We will be grateful for every reported error, discrepancy, deficiency, comment and suggestion at the address CNC user support. Please include the abbreviation „UD“ at the beginning of the message subject.

References

Selection of literature about UD

Marie-Catherine de Marneffe, Christopher Manning, Joakim Nivre, Daniel Zeman (2021): Universal Dependencies. In: Computational Linguistics, ISSN 1530-9312, vol. 47, no. 2, pp. 255-308.

Daniel Zeman (2018): The World of Tokens, Tags and Trees. ISBN 978-80-88132-09-7.

For a complete list, see here.

Tutorials and lectures about UD

Daniel Zeman: Universal Dependencies and the Slavic Languages. Warsaw, 19.11.2018.

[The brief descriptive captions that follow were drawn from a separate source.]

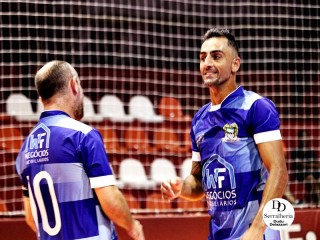 
<a style='margin-left: 5px;' class='btn btn-xs btn-social btn-facebook' href='https://www.facebook.com/sharer/sharer.php?u=https://ko-boladovale.web.getmuller.com.br/imgs/800-800-90/conteudo/fotos/2033/img3642.jpg' rel='popup' data-width='500' data-height='400'><i class='fa fa-facebook'></i>Compartilhar <span class='hidden-xs'>no Facebook</span>
</a> 
<a class='btn btn-default btn-xs' target='_blank' href='imgs/800-800-90/conteudo/fotos/2033/img3642.jpg'>
<span class='glyphicon glyphicon-cloud-download'></span> Salvar
</a> 
<span></span>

Joakim Nivre, Daniel Zeman, Filip Ginter, Francis M. Tyers: Tutorial on Universal Dependencies: Adding a new language to UD

Anna Nedoluzhko, Michal Novak, Martin Popel, Zdenek Zabokrtsky and Daniel Zeman: Coreference meets Universal Dependencies. Prague, 19/04/2021.

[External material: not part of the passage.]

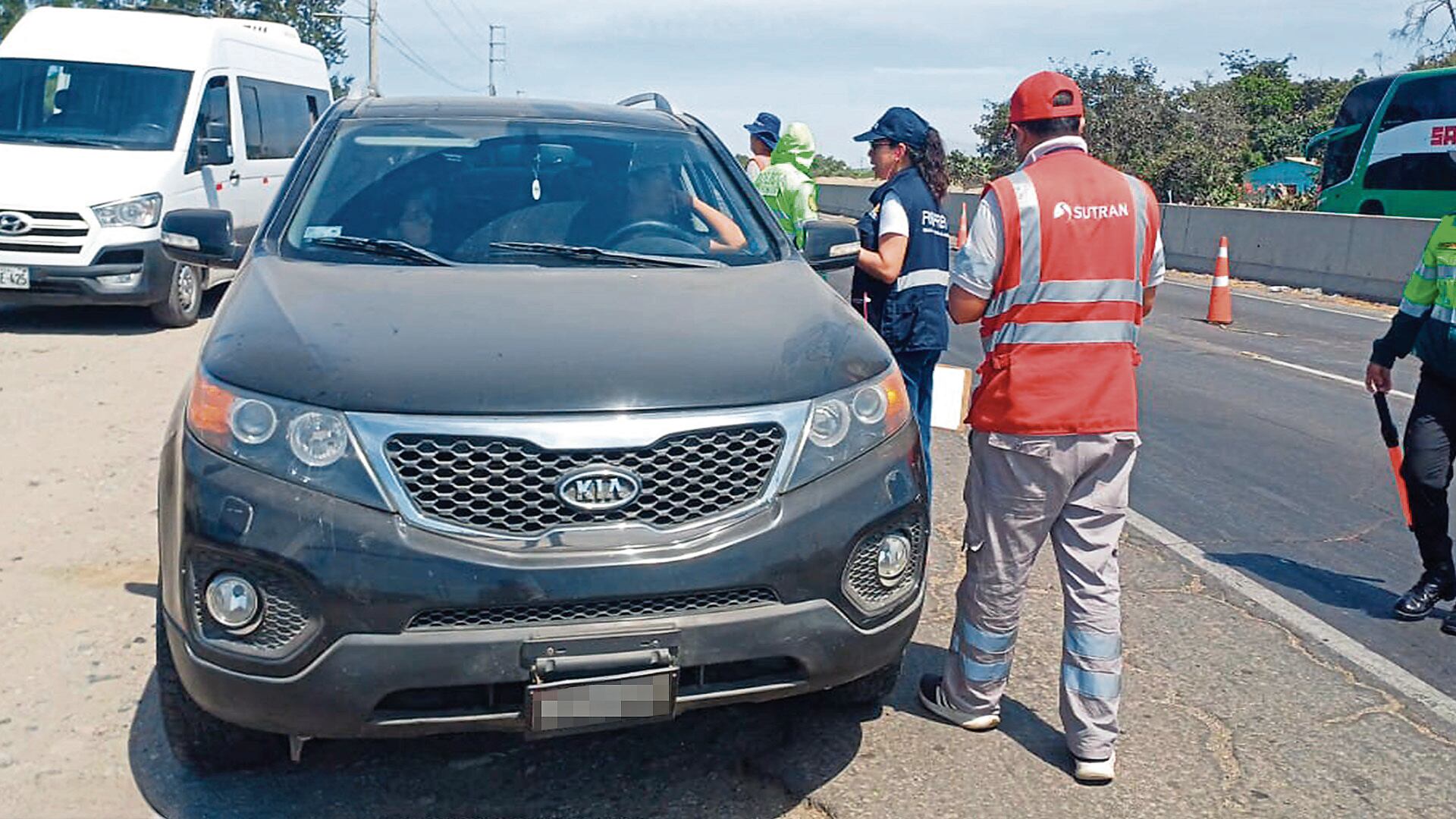 La Sutran intervino a 392 unidades en la carretera Panamericana Norte por poner en riesgo la vida de sus ocupantes y otras personas. Operativos continuarán.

Daniel Zeman: Reflexives in Universal Dependencies. Prague, 04/03/2019.

1)
Note that for technical reasons the names of the categorial attributes are all in lower case, including names such as VerbForm (in feats), rendered as verb_form, or NumType, rendered as num_type. The attribute values, such as Fem, retain the initial upper case character, but are enclosed in double quotes, like other attribute values outside feats.
2)
Aggregates are present in the following languages: ar, ca, cs, de, el, en, es, fi, fr, he, it, pl, pt, tr and uk. A list of all aggregates for a given language is displayed as the frequency distribution of word forms following the query [sword = ".|.+"].
3)
The first form, preceding the dash, is the original form, i.e. the value of the iword attribute, the second form, after the dash, is the reconstructed form, i.e. the value of the sword attribute. If a parenthesis includes just one form, the two options are identical, or the given language does not provide reconstructed forms.
4)
The constituent performing the given function is highlighted. If the constituent consists of more than one word, the constituent's governor (head word) is underlined. It is this token which is annotated by the given function.
5)
In a basic query, it is no longer necessary in some languages to separate parts of the aggregate with a space, eg był, by, and m of the Polish agglutinated form byłbym or is and n't of the English contraction isn't, even in a longer expression (aren't I). However, a basic query for is or n't will not show concordances including the form isn't.
6)
In the current release, only very few occurrences of personal pronouns in the subject position (such as she) are annotated as case="Nom".
7)
The automatic annotation of these sentences is not 100% consistent. Sometimes with is tagged as a preposition and attached to the subject of the non-finite clause, as in She ran off, with the toy spider scuttling obediently after her.